CA Court Construction Program and hte AOC/OCCM audit

CA Court Construction Program

We are concerned that the court construction program may be headed in the same direction as the CCMS fiasco--a complete failure after a wholesale waste of public funds. ~ Judge David Lampe

While auditing the Administration Office of the Courts (AOC) and the Office of Court Construction and Management (OCCM), Pegasus-Global reported that every Program and Project Manager interviewed "was willing to answer questions in a very open and comprehensive manner. Program and Project Managers acknowledged what they considered to be gaps in the governance of the Program and the projects, often sharing suggestions which they believed would strengthen both the Program and the projects".

In the eyes of many taxpayers, the audit's final report seems to confirm the power of this construction program to spend over $6 billion public dollars on projects already identified. The Judicial Council Watcher says, "Given these findings, the Legislature should simply take control of further construction projects from the AOC. At a minimum there must be an audit conducted by the State Auditor".

Co-owner Butch Sprenger of Destiny Homes in Minneapolis says, "the California case merits thought for home builders and construction projects, whether small or large. While megaprograms are unique in that they have multiple levels of management, the principles of responsible leadership, defined roles, transparent and consistent communications keep a project on track and make for a great experience for the owners"

"A continuous improvement loop is dependent on developing, installing and using a formal, agile process of gaining from lessons learned.

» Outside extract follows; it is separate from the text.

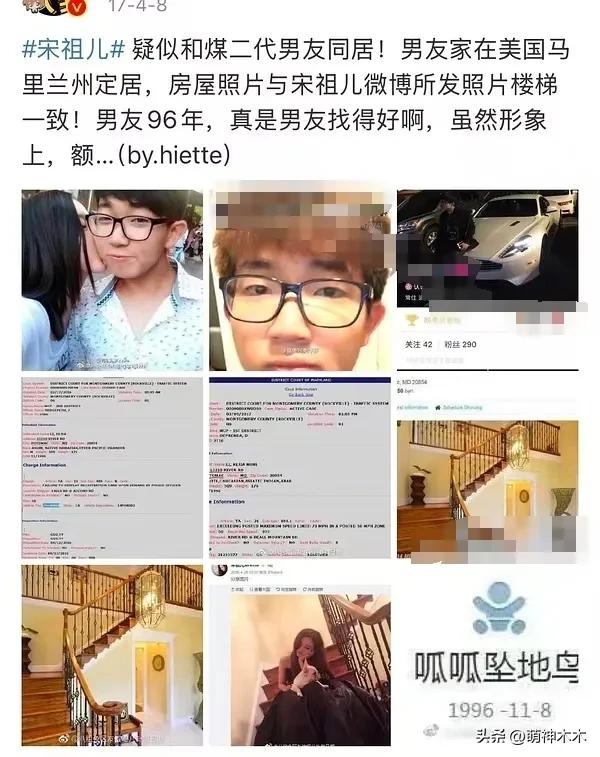 Foreigners are looking for Song Zuer! They posted many intimate photos to arouse speculation, and th(图10)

We can learn a lot from the AOC/OCCM audit without needing to make all of the same mistakes ourselves," Sprenger says.

The report, consisting of 736 pages, can be found at the CA courts website or on the AOC's website. Several key statements in the report follow:

  • Ultimately, Program Management had to choose where to focus its attention with the limited time and staff resources available, and chose to focus on the actions which would most quickly meet the objectives mandated, in the most expeditious manner possible.
  • There is no formal delegation of authority and responsibility at either the program or project levels. This has resulted in confusion and some disagreement as to who within the Program and project structure are accountable for the decisions made and actions taken on behalf of the Program and each project.
  • The OCCM staff is well qualified and is dedicated to the execution of the Program and individual projects, often bearing a program and project load which is at, or in certain cases, beyond the limits of the person’s reasonable span of control.
  • AOC/OCCM should develop a more structured set of policies, procedures and processes to be followed relative to management and control of project schedules.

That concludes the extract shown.